Batch ETL is typically used when moving data from siloed subsystems (data sources owned by different teams/departments) to a central data warehouse. A few hours or even a few days' delay is usually acceptable in these cases.

Batch ETL involves batching of data –, you either wait for large volumes of data to accumulate or run it based on business rules (like the end of a day/month/workflow) before executing the ETL pipeline. Batch ETL pipelines enable organizations to collect and analyze large volumes of data from disparate sources, providing valuable insights for decision-making and strategic planning.

A typical Batch ETL Pipeline
A typical Batch ETL Pipeline

Streaming ETL

However, analytics requirements have now gone beyond Batch ETL, demanding business insights to be timely and accessible. While Batch ETL still has some use cases, it is less flexible and cannot process real-time data. Streaming ETL, or real-time ETL, is an advanced ETL pipeline that continuously processes data as it arrives rather than processing data in batches.

Streaming ETL pipelines are gaining popularity because they enable organizations to process and analyze data as soon as it is generated, allowing for faster decision-making and more agile business processes. For example, you can use streaming ETL pipelines for use cases like real-time fraud detection, IoT data processing, social media sentiment analysis, clickstream analysis, and gaming analytics.

Streaming ETL pipeline: Key components

Streaming ETL involves a few key components:

Data source

Streaming data can come from various sources, such as sensors, web logs, social media, or IoT devices. The data is typically a continuous stream of events.

Stream processing engine

A stream processing engine is a software platform that continuously processes and analyzes data streams in real time. Popular stream processing engines include Apache Kafka Streams, Apache Flink, and Apache Spark Streaming.

Transformation logic

Transformation logic is used to transform and enrich the data as it flows through the pipeline. For example, you might filter, aggregate, or join data from multiple streams.

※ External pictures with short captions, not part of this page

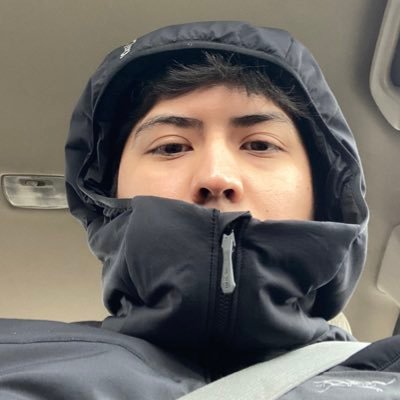 mu0xide's profile picture. data infrastructure | look at the data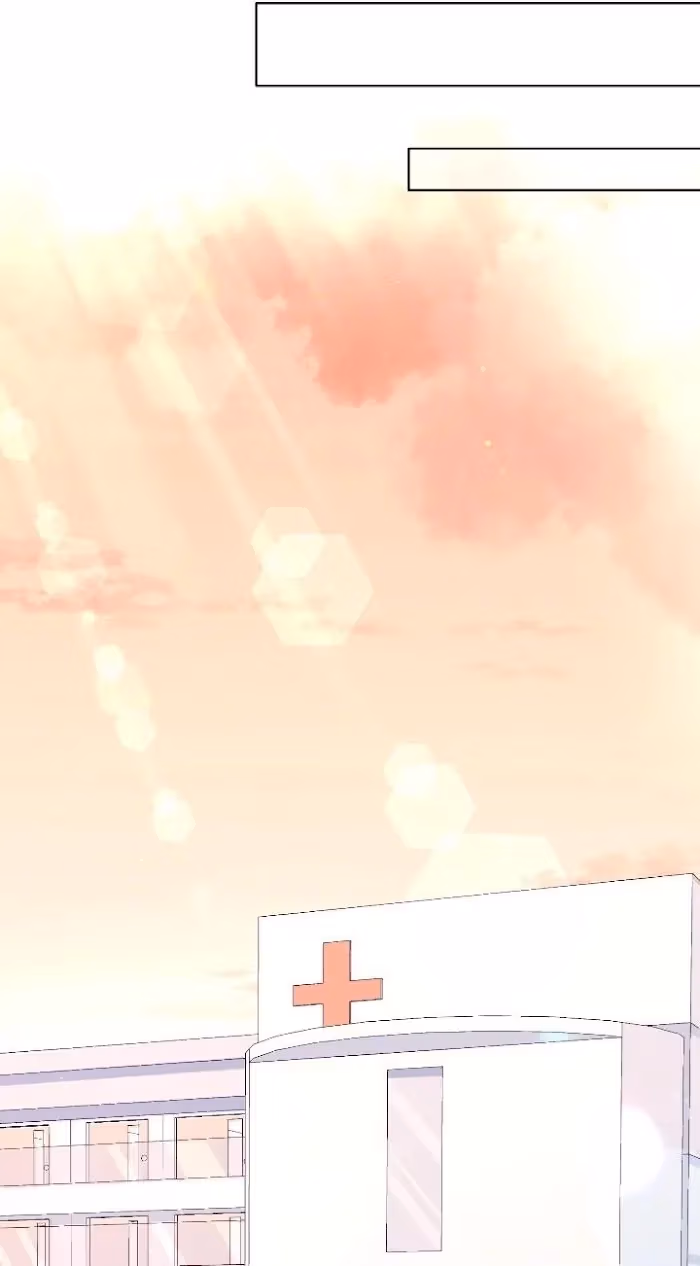 Read Han Yuan chapter 27 image 28 on Lezhin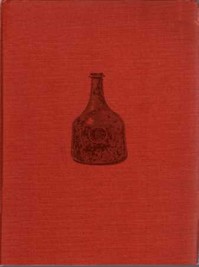 Cover of The Cultural History of Marlborough, Virginia An Archeological and Historical Investigation of the Port Town for Stafford County and the Plantation of John Mercer, Including Data Supplied by Frank M. Setzler and Oscar H. Darter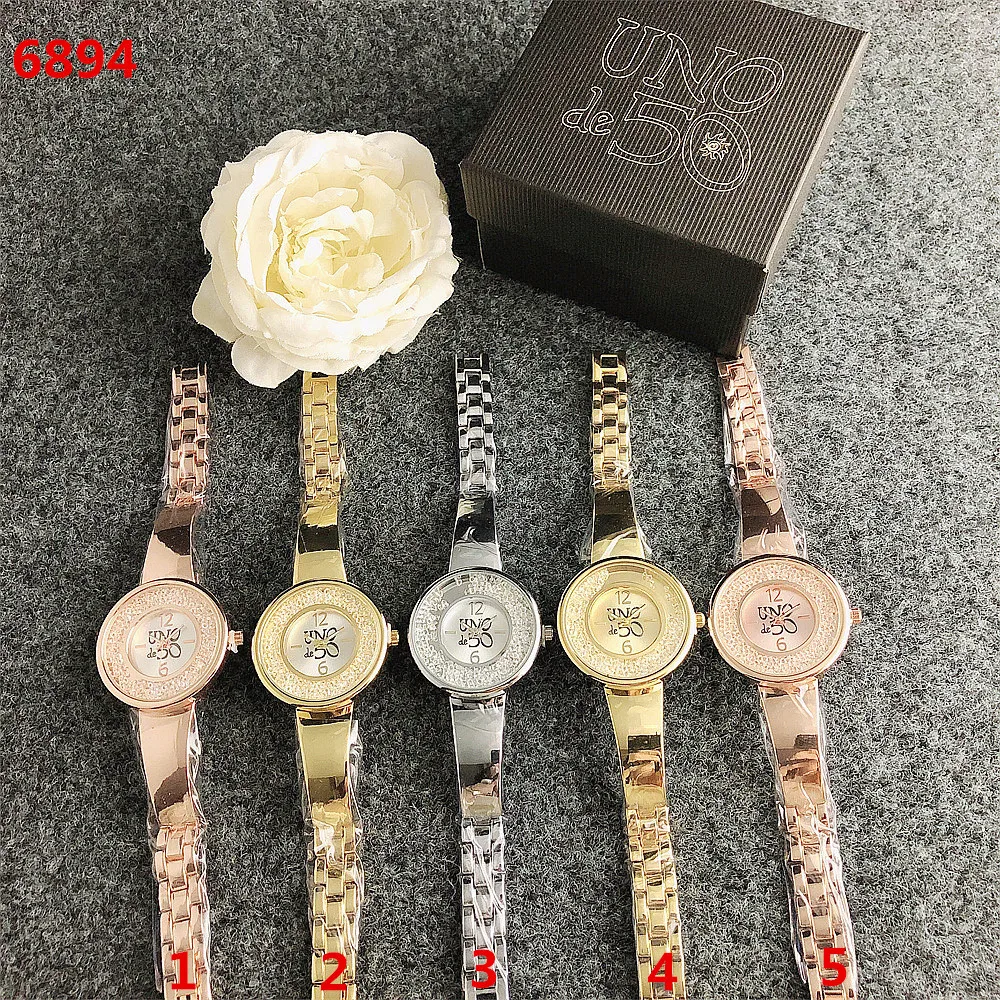 Fashion Women Watch with Diamond Watch Ladies Top Luxury Brand Ladies Casual Women's Bracelet Crystal Watches Relogio Feminino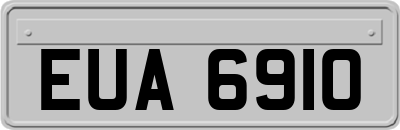 EUA6910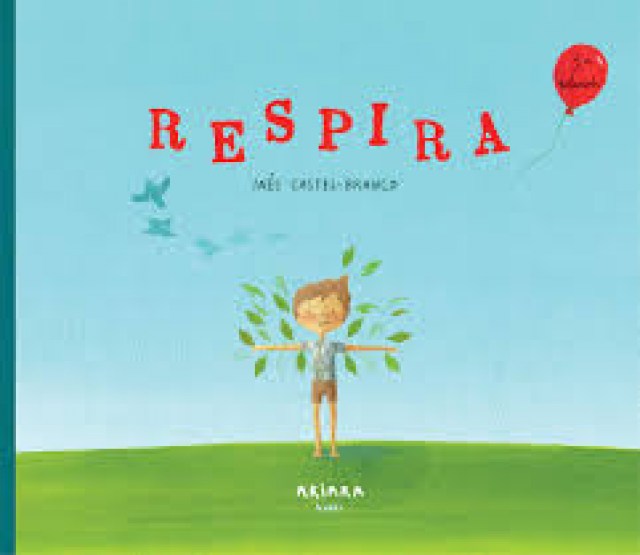 Respira-9788417440138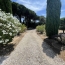  IMMOBILIERE ARTHUR - Plan de Cuques : Domaines / Propriétés | RAMATUELLE (83350) | 130 m2 | 2 700 000 € 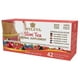 thumbnail image 1 of Tea HYLEYS Slim, té verde y senna, sabores variados, 42 bolsas, 1 of 8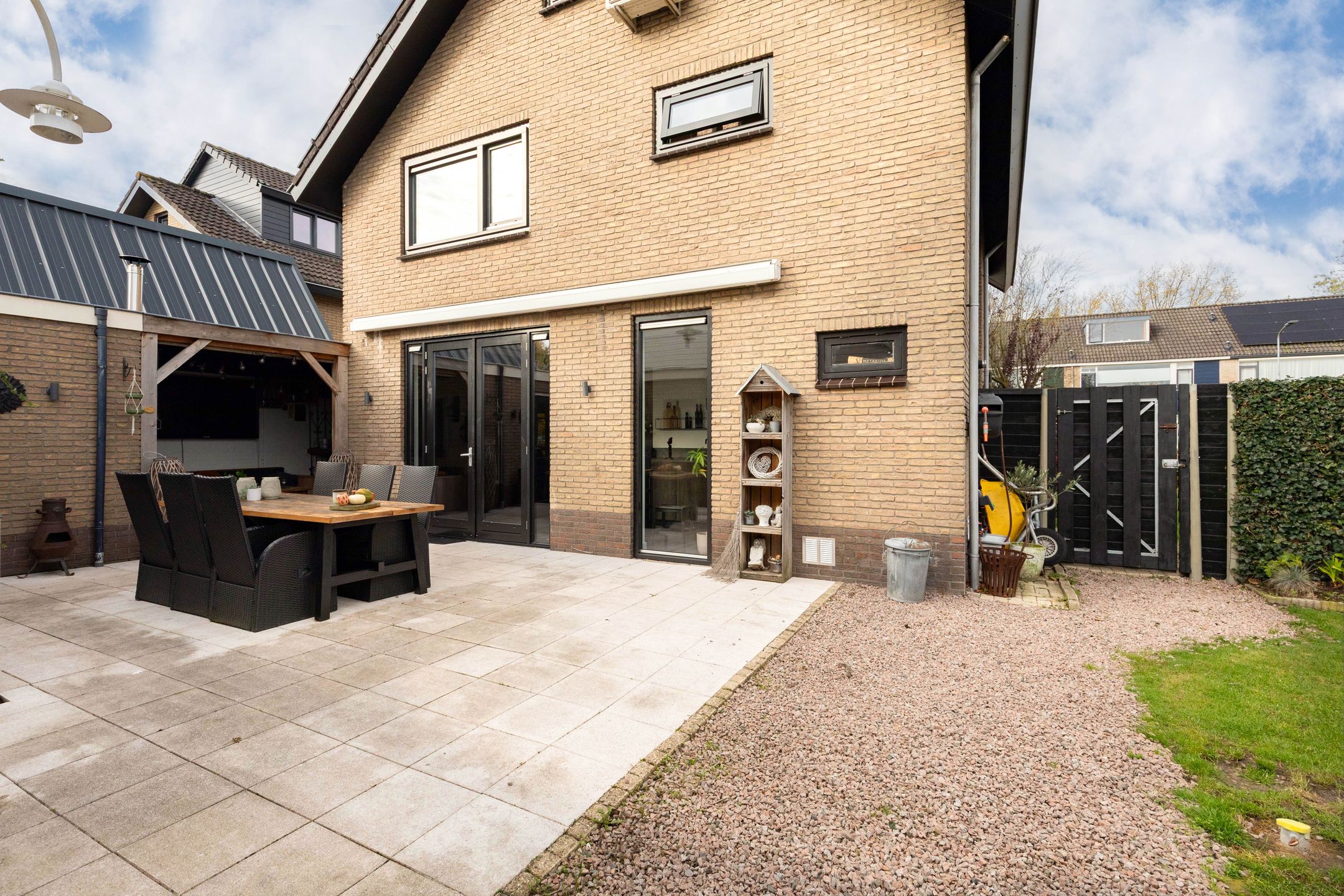 Photo 54 of Wittenburg 112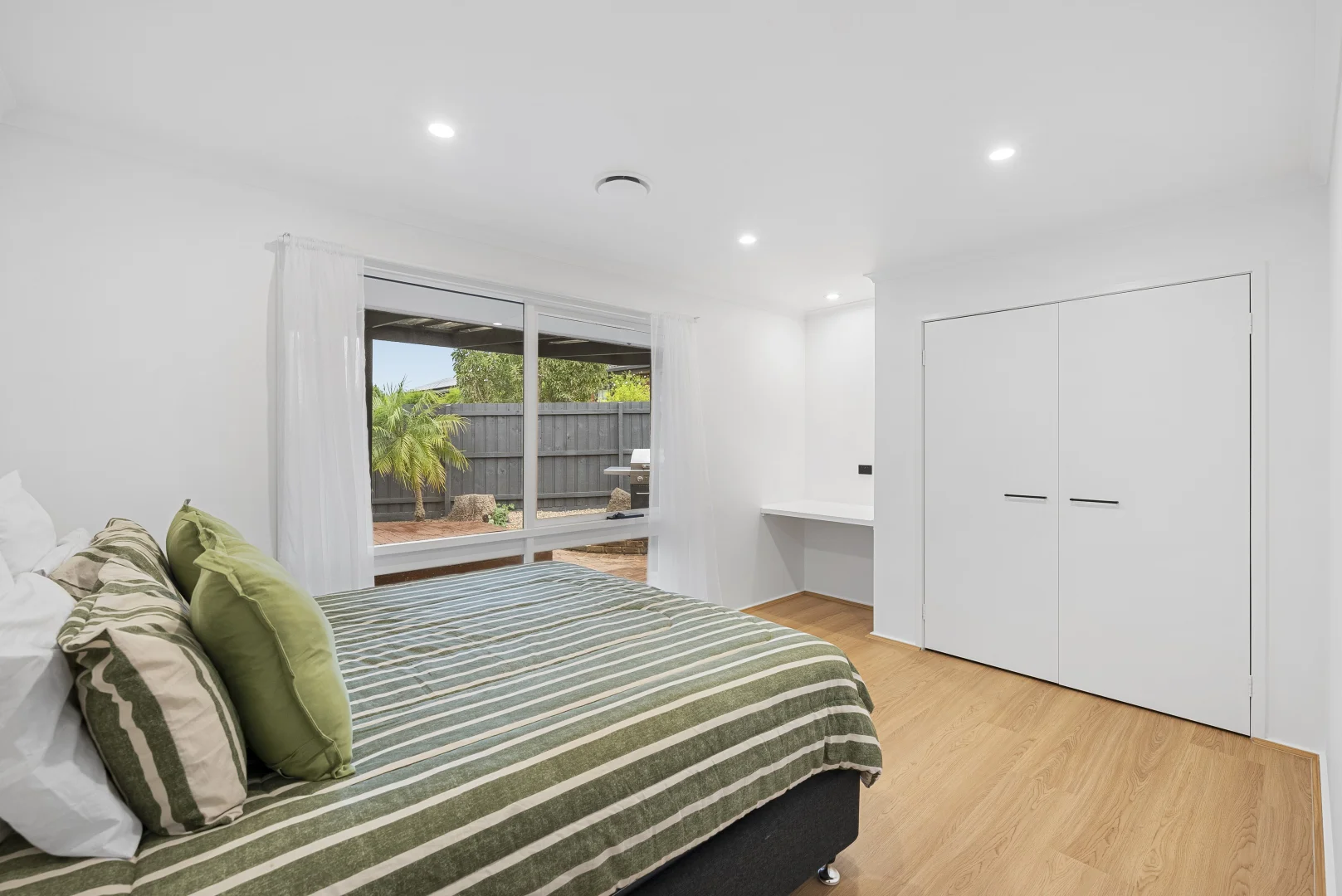 Additional image 13 of 3 Forsyth Place, Rowville VIC 3178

The final destination for the processed data. The sink can be a database, data warehouse, or another data store.

Building a streaming ETL pipeline with Kafka

Apache Kafka is a distributed streaming platform to build near real-time data pipelines and streaming ETL applications. With its high throughput, low latency, and scalable architecture, Kafka is well-suited for processing and transforming large volumes of data in near real time.

We’ll now look at the important steps in building a near real-time streaming ETL pipeline with Kafka. First, we install Kafka and Apache ZooKeeper™, then use Kafka Connect source connectors to stream data to Kafka and KSQL to make any transformations in near real-time. Finally, we use a Kafka Connect Sink Connector to load the result data into a target system.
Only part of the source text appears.